Tuesday, June 30, 2009

Da Vinci's horse and Renaissance idols on view




Now’s a good time to check out the National Gallery of Art’s cluster of new focus exhibitions. Small but incredible bronze statuettes of the rearing, muscular Budapest Horse – and how modern tech tools have been applied to solve a mystery: whether at least one was cast from a spectacular model by Da Vinci. A collection of smart and richly executed oil paintings by Judith Leyster proves that women in the early 1600s could get access to places some would assume to be off-limits to ladies. With their direct stares and sly expressions, the subjects evoked an earworm of George Thorogood’s “Bad to the Bone.”
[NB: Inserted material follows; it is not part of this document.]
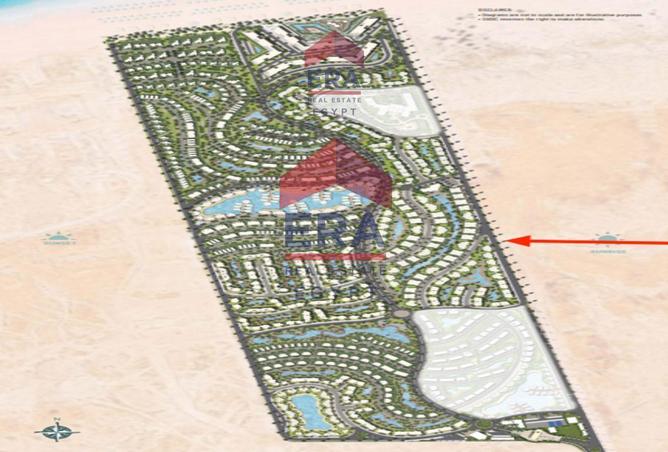 6868129 - Property Image 3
And then there’s ”An Antiquity of Imagination: Tullio Lombardo and Venetian High Renaissance Sculpture.” Stuffy? Not on your life. The stories behind the works created by Tullio (c. 1455-1532) and his brother make them that much more fascinating. Imagine a time when sculptors and painters engaged in scrimmages over which is the more worthy medium? When sculptors tried to prove their superiority by striving to create likenesses of beings, mortal or mythical, so mesmerizing that onlookers would feel sympathy, compassion, infatuation, even love?

Robin’s writing more about this for a print publication, but in the meantime, plan a visit to NGA's West Building at 6th St. and Constitution Ave. NW in DC.